With a good number of second hand 1/16" x 1-1/4" square tubing (but actually 1-3/16") laying around I chose this as the material of choice for the dolly. I cut four pieces of 9-5/8" lengths with 45-degree miter cuts using a 14" chop saw. The bottom of the gas bottle has a nominal outer diameter of 12" and inner diameter of 10". The diagonal of a square is equal to L√2, where L is the length, so with each side 9-5/8" the diagonal comes out to around 13-5/8" which is long enough to accommodate the 12" diameter of the cylinder.
2-1/2" lengths of angle irons were cut and welded to the inner corners of the square. These prevent the bottle from slipping off or from being knocked off the dolly. One side (the top side) of each angle iron piece is miter cut at 45 degrees. This diagonal eases mounting of the bottle on the dolly since if the cylinder lands on that incline it can slide down (or push the dolly off a bit) so the bottom of the bottle lands on the corners of the platform.
1" diameter casters were tack welded to the dolly. Their mounting plates were simply too thin and had too little surface area to weld continuously so they're held by a good number of tacks. Had a problem with one of the casters--it won't swivel freely anymore. A dingleberry must've landed in the ball bearings while I was MIG welding the caster to the frame. Lesson learned--shield moving parts and protect sensitive components from spatter.

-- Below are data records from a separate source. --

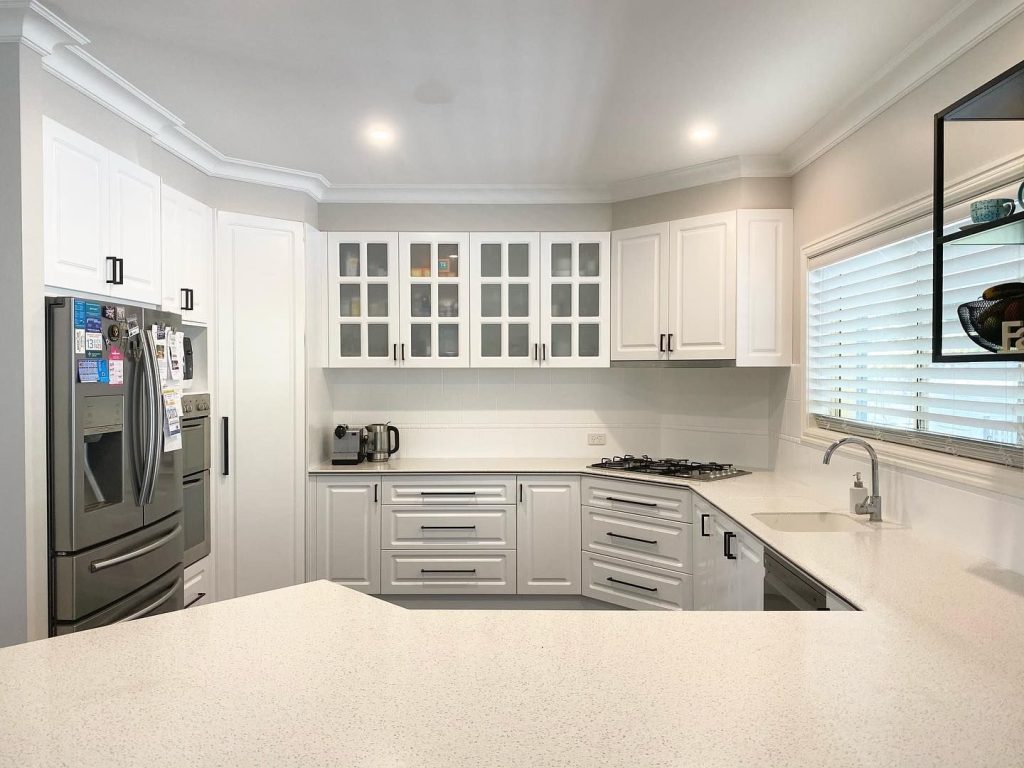 Modern kitchen with stainless steel appliances, white cabinetry, and quartz countertops.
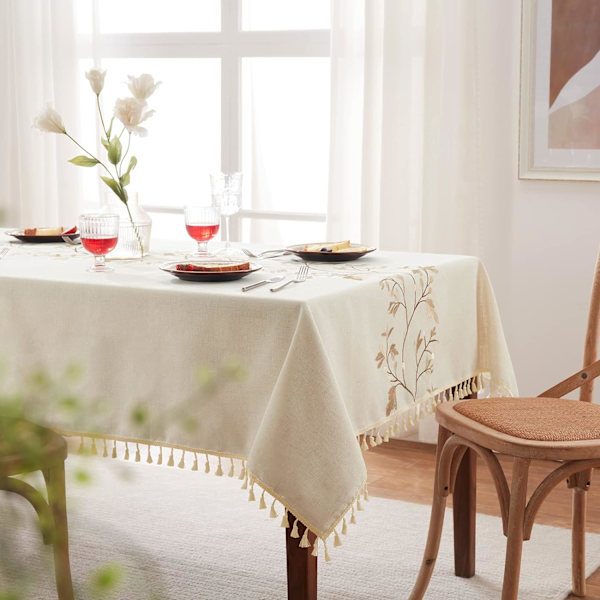 Bomullslinduk for spisestue, brun bladformet duk med beige dusker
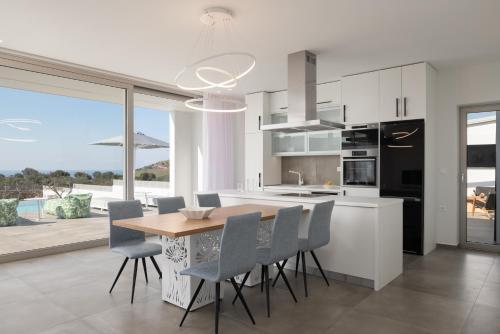 a kitchen with a wooden table and chairs and a large window at Margaret Villa - Pool, Heated Spa Whirlpool & BBQ, By ThinkVilla in Angeliana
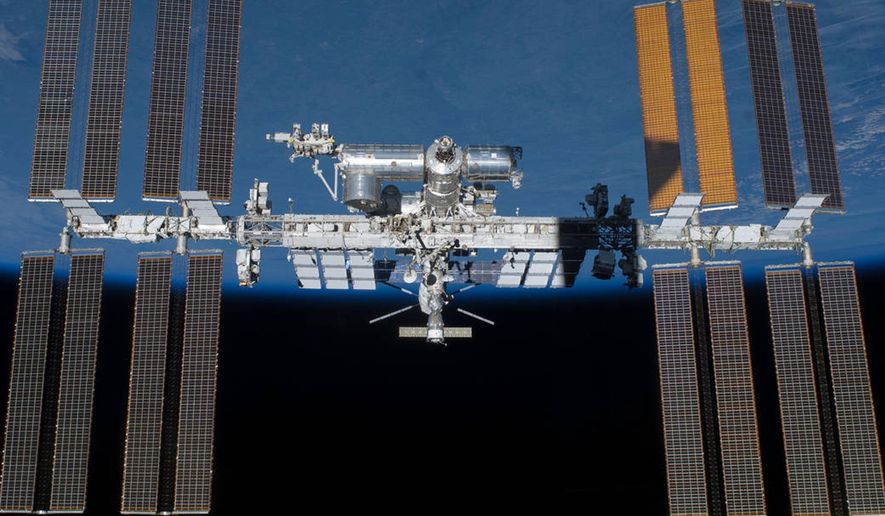 An undated photo provided by NASA shows the International Space Station in orbit. On Monday, May 16, 2016, the International Space Station made its 100,000th orbit circling of the world. NASA says these 100,000 orbits are akin to traveling more than 2.6 billion miles. (NASA via AP)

Photos shown it already built and painted with red oxide primer.
Brought the dolly to my sis when I visited her and since she liked it and found it useful I left it with her. Can't find any photos of it after painting it black. Must've forgotten to shoot one.
Since I need a dolly for myself I had to build another one. But I found the aesthetics of the above design more than wanting. Looking at it puts a pout on my face. Surely there are far better looking designs I told myself, although I had to work within constraints--my greenhorn abilities, ease/difficulty of fabrication,. limited equipment (no tube bender, press brake, band saw, etc.), and materials available in the garage.
Still using 1-1/4" square tubing, I cut one 14" and two 6-3/8" pieces. MIG welded the two latter to the center of former to form an X. Using a 4" angle grinder I ground the butt joints flush with the surface while leaving the fillets as they are. Used the same-sized casters as with the first dolly but with nylon wheels. Black plastic end caps close the holes on all four ends.
Because of my experience with the first dolly--having a dingleberry or two land and weld themselves in the bearings in one of the caster's swivel mechanism--I used masking tape and some scrap paper to encapsulate each of the casters to prevent any spatter from getting into where they shouldn't. The paper did catch fire a couple of times and I put it out simply by patting it with my leather-gloved hands. After tack welding the casters onto the frame I removed all the (partially burned) tape and paper and wrapped the casters again right before painting. One coat of red oxide primer and two coats of yellow quick dry enamel.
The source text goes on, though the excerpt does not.